[Stored records]
==*==

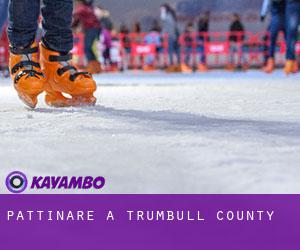 Pattinare a Trumbull County Pattinare a Trumbull County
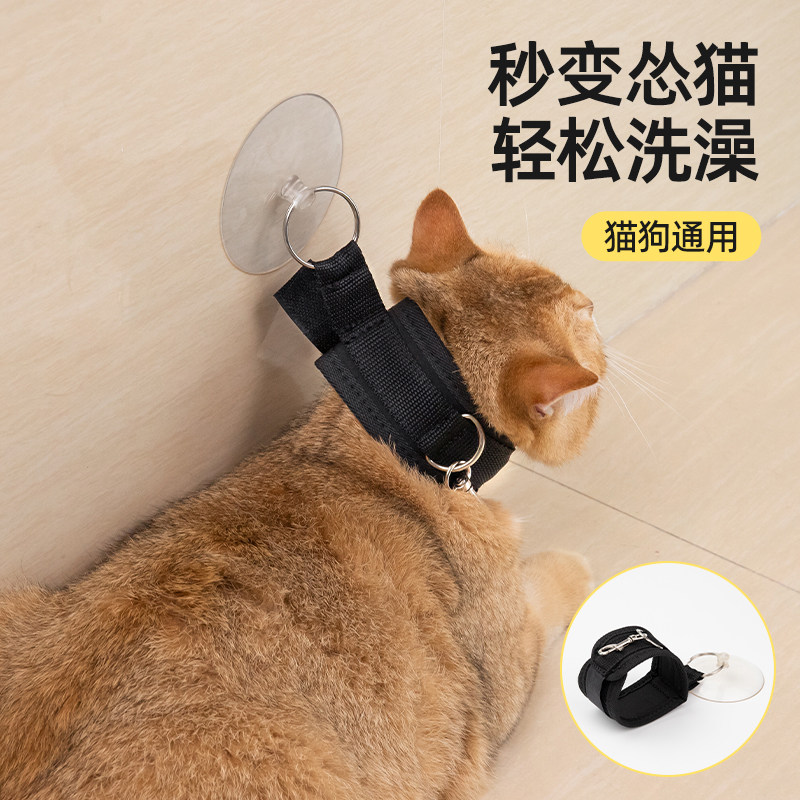 猫咪洗澡固定器防抓咬工具吸盘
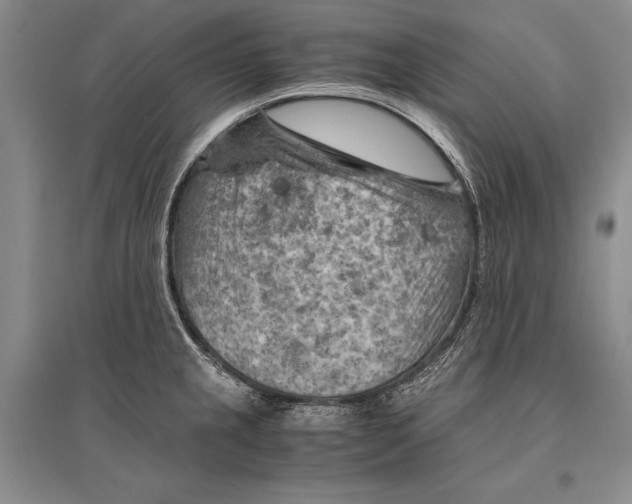 X0000096441237200802211203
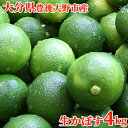 【予約販売】大分県豊後大野市緒方町産 かぼす青果 果実 4kg あねさん工房 自社農園含む指定契約農場産を厳選 【送料込】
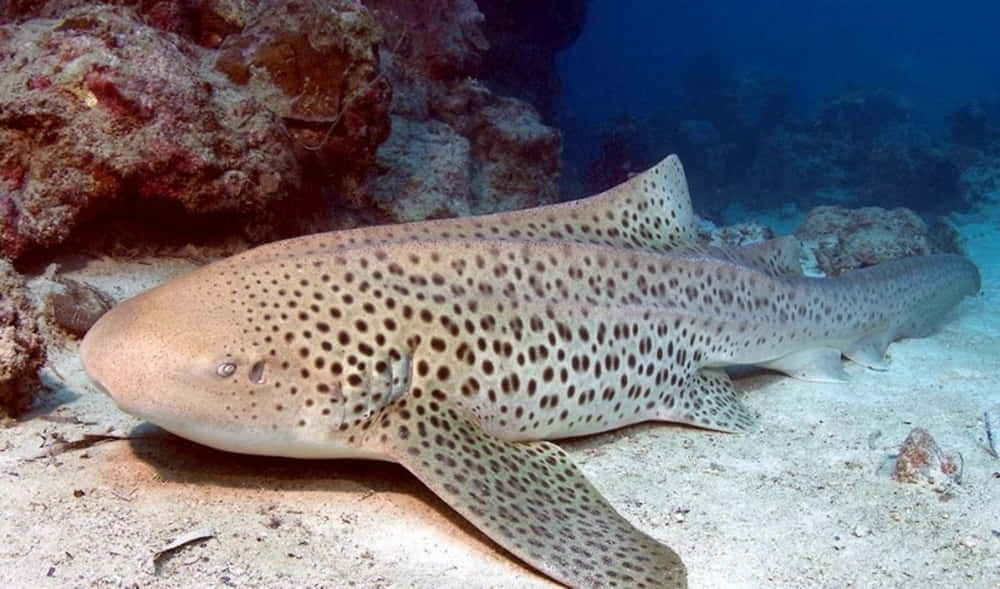 Caption: Majestic Zebra Shark Gliding Through The Ocean Depths Wallpaper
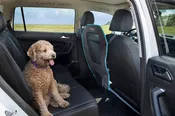 K9 Mesh Universal Car Front Seat Dog Barrier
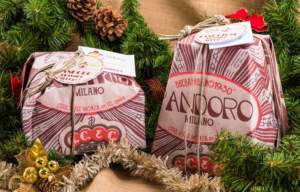 panettone solidale Casamica Onlus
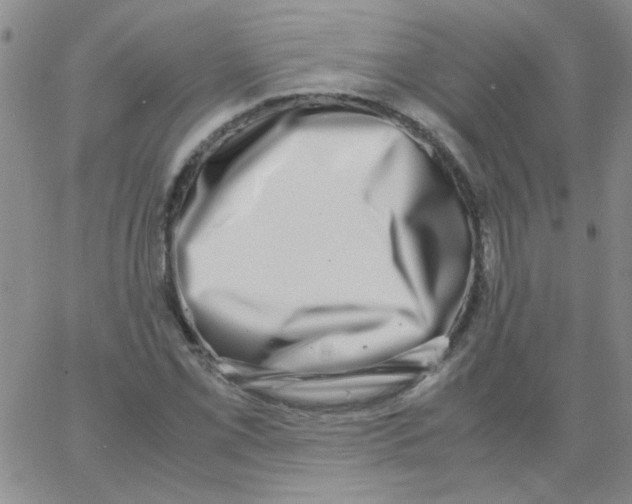 X0000062931069200602101916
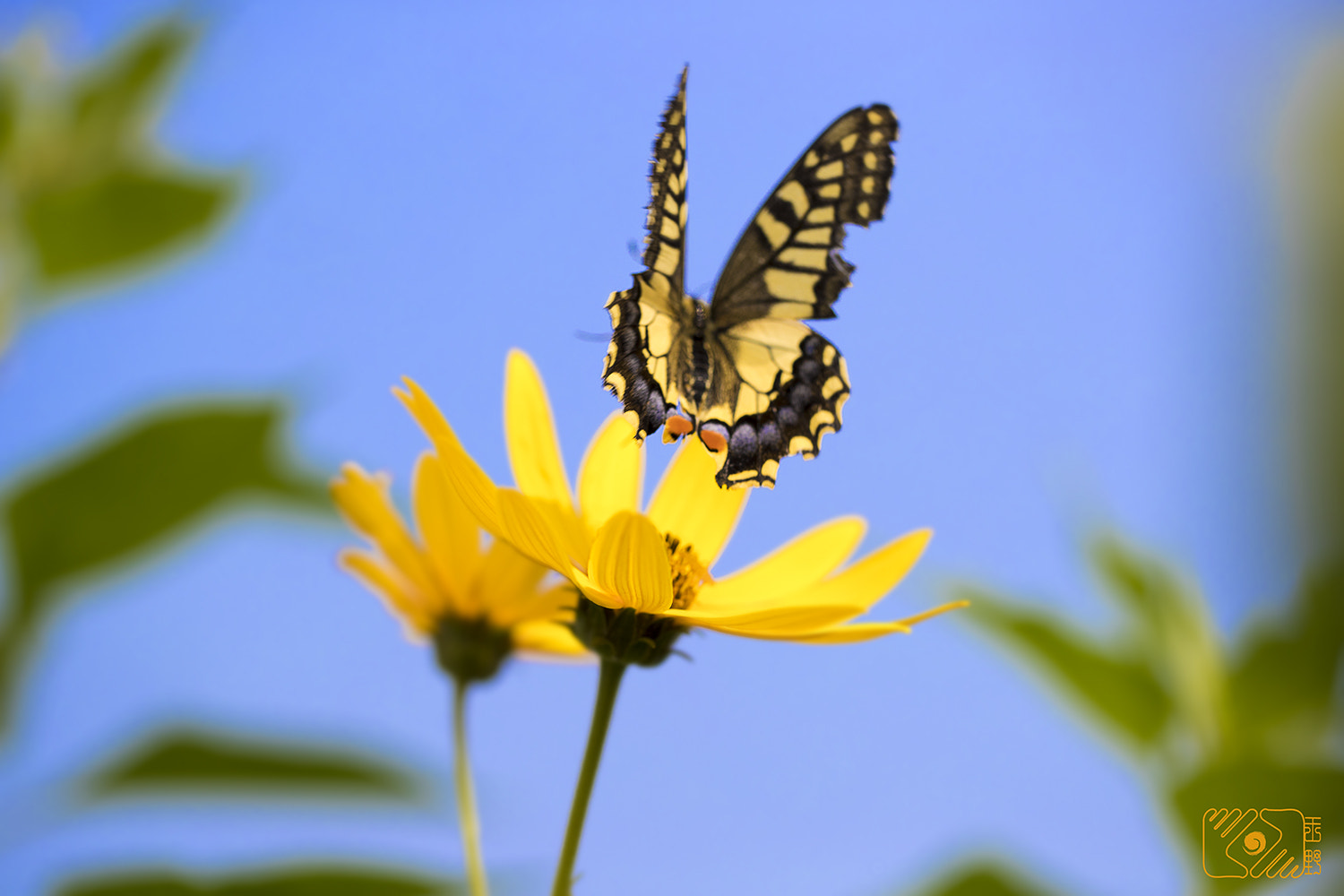 Canon EF 100mm F2.8L Macro IS USM sample photo. Butterfly photography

==*==

(What is required):
Would you please print only the lines running from the one with "panettone solidale Casamica Onlus" to the final line of the entries above, exactly as written and without pictures?

(Answer below):
 panettone solidale Casamica Onlus
 X0000062931069200602101916
 Canon EF 100mm F2.8L Macro IS USM sample photo. Butterfly photography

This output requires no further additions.